Одним из наших сверстников во дворе был Гога. Полного его имени я не знаю, мы его звали, как звала его мать. На фото жильцов он сидит крайний слева, рядом с ним крепыш Сухоруков.
Каждому из мальчишек изредка перепадает, но Гогу мать лупила, возможно, на нем срывая свою горечь существования. Был он худенький, тоненький какой-то, да к тому же еще и рыженький. В играх участвовал тихо, но мы его никогда не обижали – жалость к себе он вызывал. Когда у меня родился сын, то я был озабочен тем, чтобы не дать ему такое имя, по которому его могли бы звать «Гогой» и назвал сына Егором, но обошлось.

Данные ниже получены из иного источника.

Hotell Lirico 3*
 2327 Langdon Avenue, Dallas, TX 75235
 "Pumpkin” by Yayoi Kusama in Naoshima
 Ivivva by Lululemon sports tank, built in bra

Когда прекратил работать пригородный транспорт, Гогина мать, отправляясь в город на работу, везла с собою на санках и сына, а вечером обратно на Лахту. Так по дороге в санках он у неё и застыл. Сама дотащилась до дома, поведала об этом кому-то из соседей и на следующий день ушла, – больше мы её не видели. Поговаривали, что она объедает сына, но зачем же она тратила силы на то, чтобы возить его?
В нашей семье все делили поровну, хотя было очевидно, что дедушка на таком пайке долго не протянет. Что делать было маме? Голод еще только начинался, а дедушка уже умирал. Усиленного питания в отведенном нам кругу природы, физически не существовало. Могло быть только внутрисемейное перераспределение.
Был принят «справедливый», а потому жестокий принцип: карточки детей, иждивенцев и служащей смешивались в общий котел, и делилось все поровну.
Прошло много лет; читая воспоминания Ленинградцев, видишь, что описание судьбы конкретной семьи, двух семей, десятка семей, не охватит описанием всей картины. Это будут только фрагменты громадного полотна. Судьба следующей семьи будет отличаться от всех уже описанных.
Типичной судьбы нет.
Есть героические судьбы, вроде семьи Лебедевых, которые спаслись благодаря работе на заводе, и есть иждивенческие судьбы, вроде нашей семьи, которая спаслась благодаря пребыванию в неподвижности.
Эвакуация
Вскрылся лед на Ладоге. Через Ладогу началось регулярное сообщение на самоходных баржах, заранее специально для этого построенных на ленинградских заводах из стальных плоских листов. Это были простые посудины метров 10—15 длиной и метра 3—5 шириной, оснащенные моторами. Они везли в Ленинград все необходимое, а обратным рейсом вывозили из Ленинграда неэффективное население. В частности семьи, где было больше двух иждивенцев.
Не все поехали. Лебедевы тетя Клава, Валька и Катя (по возрасту иждивенцы) остались. Они все трое работали на заводе – участвовали в обороне города, получали рабочие карточки. Как-то устроились, самое страшное пережили. Куда поедешь, что там ждет?
Мы были нахлебниками, а мама конторской служащей, и удирали. Бабушка и мама чувствовали ответственность за жизнь Валика, можно представить, как переживали родители Валика, а бабушка переживала за свою дочь – тетю Люсю. Мы думали, что едем к Бичам. Никто еще не знал, что немцы доберутся до Алпатово.
Стали собираться в дорогу.
Когда решился вопрос об эвакуации, мне захотелось оставить память о том, какой прекрасной, как мне казалось, было наша комната до войны и как мы сгрудили все от холодных стен блокадной зимой. Видна и моя буржуйка. На стене мои акварельные рисунки на ватмане. На рисунке довоенной обстановки в квартире виден чей-то портрет, но я не помню чей.
В дорогу нужны были деньги. Мама в городе продавала с наших грядок салат, свекольную ботву. Я салат пытался еще добывать на совхозном поле, которое мы – дворовая шантрапа считали своим. Меня поймали, мама бросилась на выручку и упросила отпустить. Кто поймал – милиционер ли, военный ли, или совхозный сторож я не помню. На огороды друг друга
Собираясь в дорогу, мебель меняли на одежду. Помню, что пианино отдали за мужское осеннее пальто и примус. На что променяли 24 тома Толстого с маленькими барельефными портретами из фольги, я не помню, но что-то дали – или вещь, или услугу. Все, что можно было увязать, – увязывали в тюки.
В июле настала наша очередь. Пригородное сообщение уже восстановили. От дома на Старой улице до вокзала не так далеко. Тюков было много, может 12, а может, и больше. Перетаскивали тюки мы с Валиком. На одном конце отрезка, по которому тюки надо было перетаскивать, их охраняла мама, на другом – бабушка. Так же перетаскивали тюки и на городском вокзале.
На Финляндском вокзале выдали сразу по буханке хлеба на человека, сразу на три, вроде, дня, чтобы быстро без волокиты пропустить через Ладогу и отвезти от фронта. При выдаче хлеба предупреждали, чтобы не наедались сразу, что это опасно.